If you are an investor in Magellan Midstream Partners (NYSE:MMP), you aren't in it for the thrills of rapid growth and skyrocketing stock prices. Instead, you're probably looking for a consistent, reliable business that will continue to churn out cash. If that is the case, then this past quarter's earnings report was right up your alley. By no means was it exciting, but it was another quarter of delivering consistent results.
Here's a look at Magellan's most recent earnings report and what investors should make of the company as of late.
Magellan Midstream Partners' results: The raw numbers
|Metric||Q1 2018||Q4 2017||Q1 2017|
|Revenue||$678.8 million||$673.3 million||$642.1 million|
|Adjusted EBITDA||$324.4 million||$377.4 million||$288.3 million|
|Distributable cash flow||$258.9 million||$308.2 million||$227.6 million|
While not quite as good as the prior quarter, Magellan's first-quarter results were respectable in their own right. The company recorded higher transportation volumes in both its refined products and crude oil segments, and management even raised its guidance for 2018 distributable cash flow. Net income was down slightly because of two one-time adjustments totaling $26 million. One was related to an accounting error from one of its actuaries that calculated pension valuations, and the other was for revaluing some commodity price contracts. These pricing contracts, known as mark-to-market adjustments, typically offset themselves throughout the year.

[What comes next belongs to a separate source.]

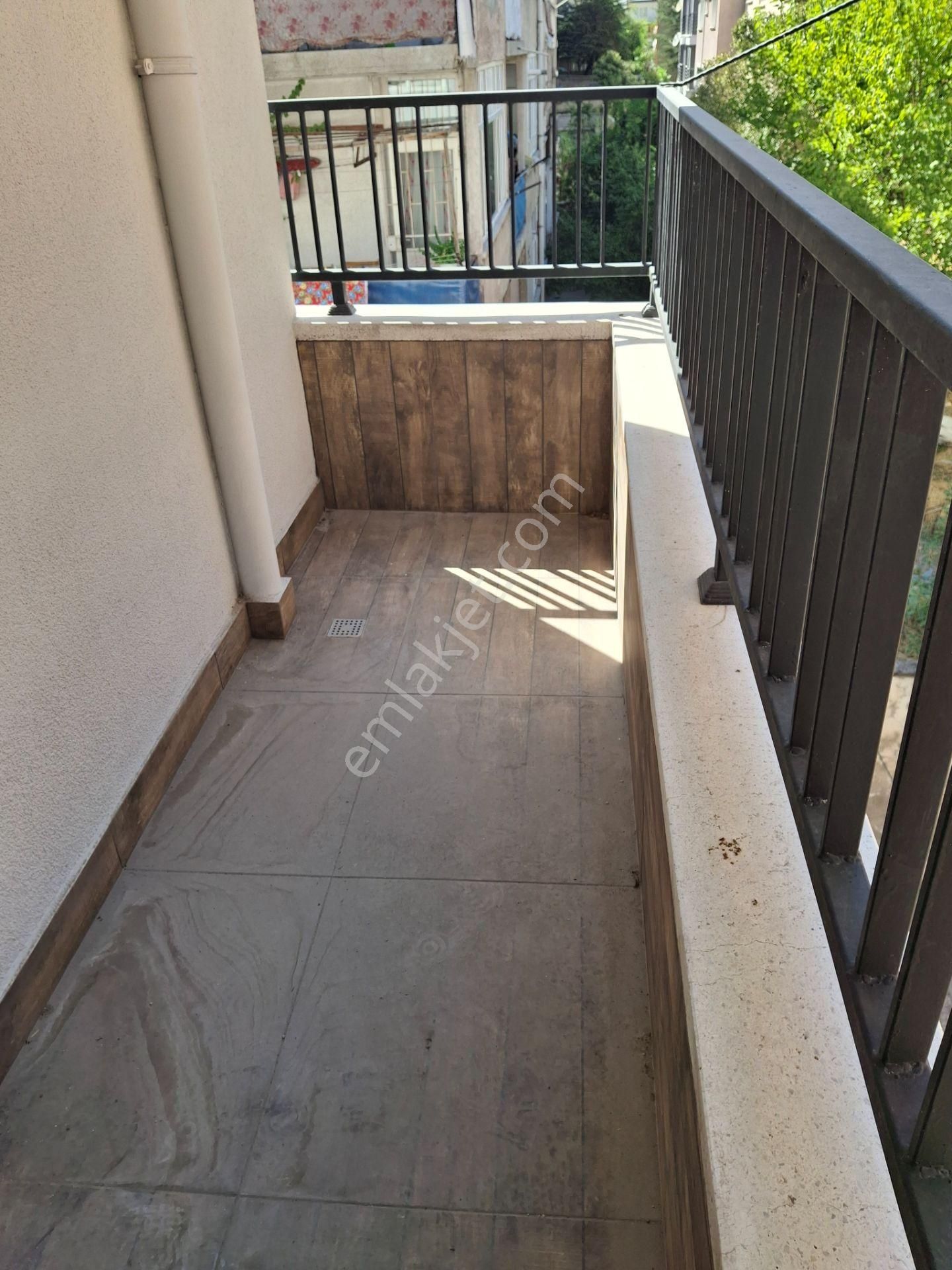 Aydınlıkevlerde Gizem Emlak^'tan 2+1 Katta Sıfır - Görsel 16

Breaking down the business by its various segments, it's pretty clear that its crude oil segment has been the driver of better results. Not only has Magellan been adding several new assets to this segment, such as its condensate splitter in Corpus Christi, Texas, but volumes for its two Permian Basin pipelines have been very strong lately. The one business that has been weak lately has been its marine storage segment, which is still incurring some higher maintenance costs to repair storage tanks damaged by Hurricane Harvey back in the third quarter.
What happened this quarter?
- The day before the earnings announcement, management announced it had called an open season (in other words, asking customers who may be interested) in expanding its refined petroleum product pipeline between Frost and Odessa, Texas. The original plan was to expand the line from 100,000 barrels per day to 140,000, but high demand has the company asking if anyone else would like to move product on the line as well as build a new product terminal in West Texas.

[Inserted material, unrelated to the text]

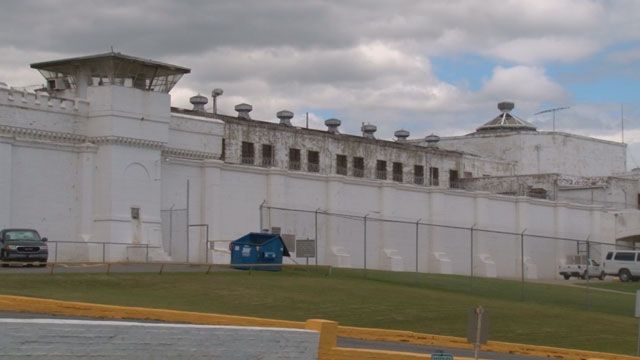 Prisons Board Delays Vote On Fallin's Early-Release Order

- The company inked a deal with market maker Intercontinental Exchange to create a publicly traded market for 1.5 million barrels of crude oil storage at its East Houston terminal. Unlike typical contract storage rates Magellan charges to customers to reserve the right to store a certain amount of oil in its tanks, this will allow traders to openly trade storage space and allow for greater flexibility for producers, refiners, and future crude oil exporters to lease short-term space.

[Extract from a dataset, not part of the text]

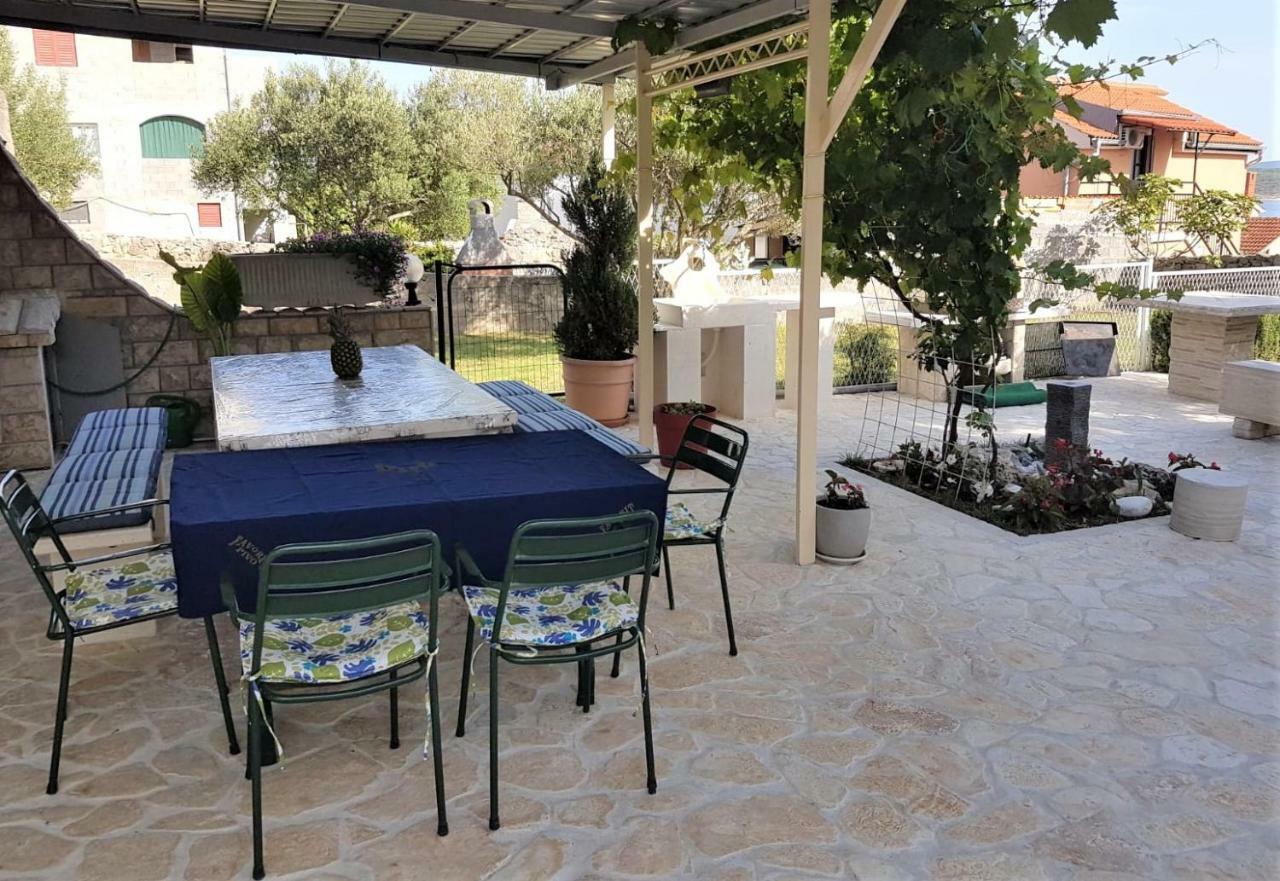 Apartment Maslenica, Near Zadar Eksteriør bilde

- Even though management raised its distributable cash flow guidance to $1.08 billion for the year, it elected to maintain its current distribution guidance and will likely use the excess generated cash to fund its capital budget.
What management had to say
Magellan just held its analyst day conference last month, so CEO Michael Mears' press release statement was brief. In it, he gave a high-level overview of the company's outlook and why he and his team were comfortable raising guidance.
Magellan kicked off the year 2018 with solid financial results and strong demand for our fee-based transportation and terminals services. Our outlook for the remainder of 2018 has strengthened based on favorable market conditions for refined products and crude oil pipeline shipments, combined with an improved commodity pricing environment. Looking beyond the current year, we remain optimistic about a number of potential expansion projects in advanced stages of review that could further benefit Magellan's future results.
Stay the course
Even though Magellan incurred a couple of charges that prevented it from posting another record-breaking quarter, this was a solid quarter in its own right. The company continues to churn out healthy rates of cash to cover its payout and give management some extra to fund its growth projects. That extra cash will come in handy because the company has several projects on its plate right now with multiple export terminals and the infrastructure to support them.
From an investor standpoint, this pretty much reconfirms the value proposition that Magellan has made to its unitholders for years: We might not be the fastest growing company out there, but we're growing at a steady rate we can sustain for years into the future.